Sedangkan Namira jelas tidak akan memilih Brian sebagai pembimbingnya. Alasannya, Brian adalah pangeran sedangkan dia seorang pelayan. Meskipun Putri Aurellia sudah tidak menganggapnya lagi sebagai pelayan.


Maka Namira memilih pembimbing yang umurnya lebih tua darinya. Jelas pilihan itu jatuh pada Aziel, karena memang Aziel yang lebih tua dari 5 bocah sakti.


★☆★☆


Kembali ke Turnamen Beladiri Anak Bangsawan pada pertandingan ke 3 di hari ke 6....


Brian telah mengalahkan lawannya dengan telak. Hal itu menandakan bahwa mereka telah sukses memenangkan 4x pertarungan melawan Tim Nick Lemuel. Dan sudah dipastikan mereka menang dalam pertandingan ke 3 ini.


Ada satu hal yang penting untuk diketahui di sini. Pertarungan model begini sebenarnya merupakan strategi Tim Brian Darel.

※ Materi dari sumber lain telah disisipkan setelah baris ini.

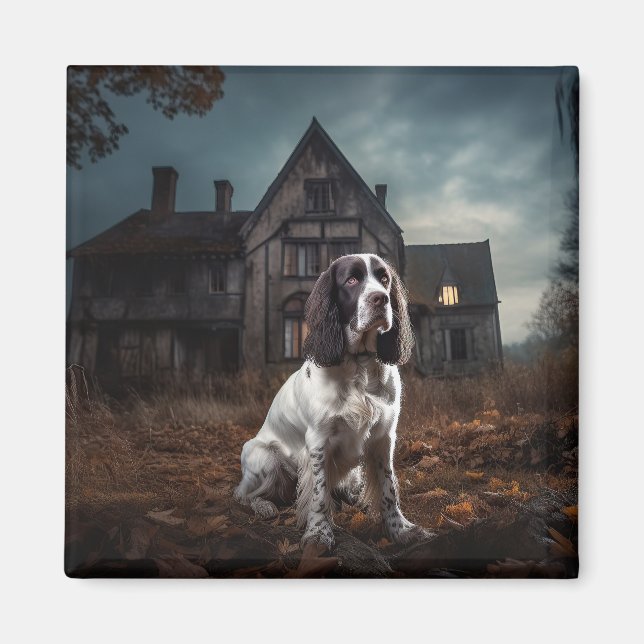 English Springer Spaniel Halloween Skräckinjagande Magnet (Framsidan)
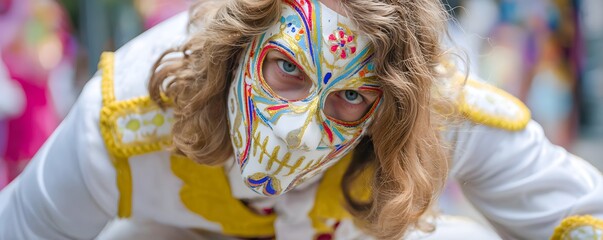 Colorful festival dancer wearing ornate mask performing on vibrant street stage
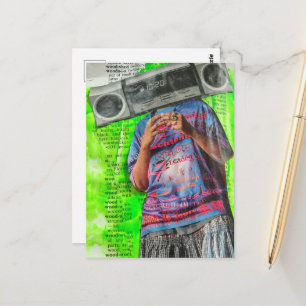 Postal Reloj de alarma de radio retro mujer en collage ve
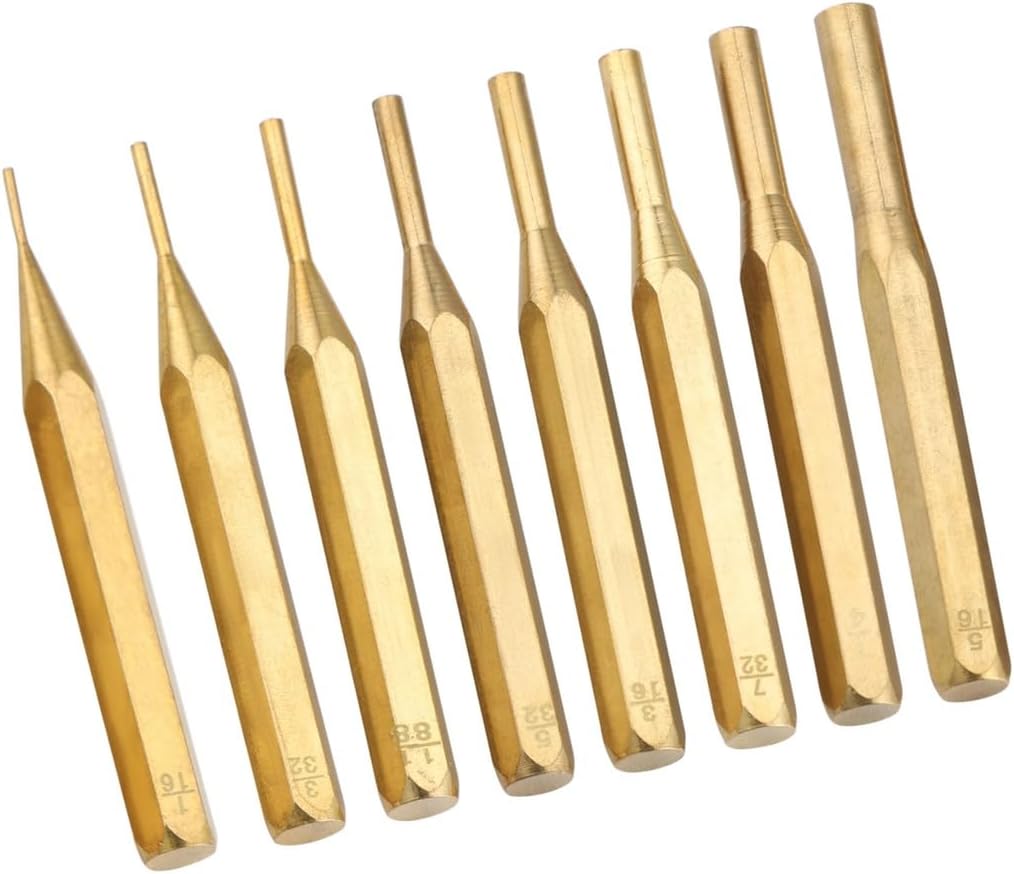 8-Piece Brass Punch Set, Non-Marring Professional Pin Punches For Gunsmithing, Includes 1/16''-5/16'' Sizes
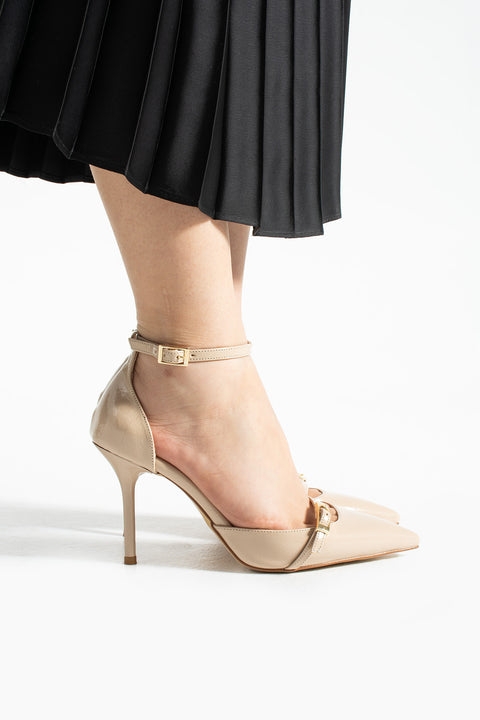 Parlak Kırışık Vegan Deri Stiletto – 9cm İnce Topuklu Sivri Burun Şık Kadın Ayakkabı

Mereka sudah menjalankan strategi saat melawan Tim Orian di pertandingan ke 2.


Mereka sengaja bertanding imbang melawan Tim Orian. Padahal kalau mau mereka bisa mengalahkannya.


Apa sebabnya mereka menjalankan strategi ini?


Brian ingin menunjukkan pada orang-orang kalau anak bangsawan yang masuk dalam 10 besar anak bangsawan terhebat di kotaraja tidak ada apa-apanya di kelompok 6. Sekaligus ingin membungkam ekspektasi orang-orang yang menganggap timnya bukan tim unggulan.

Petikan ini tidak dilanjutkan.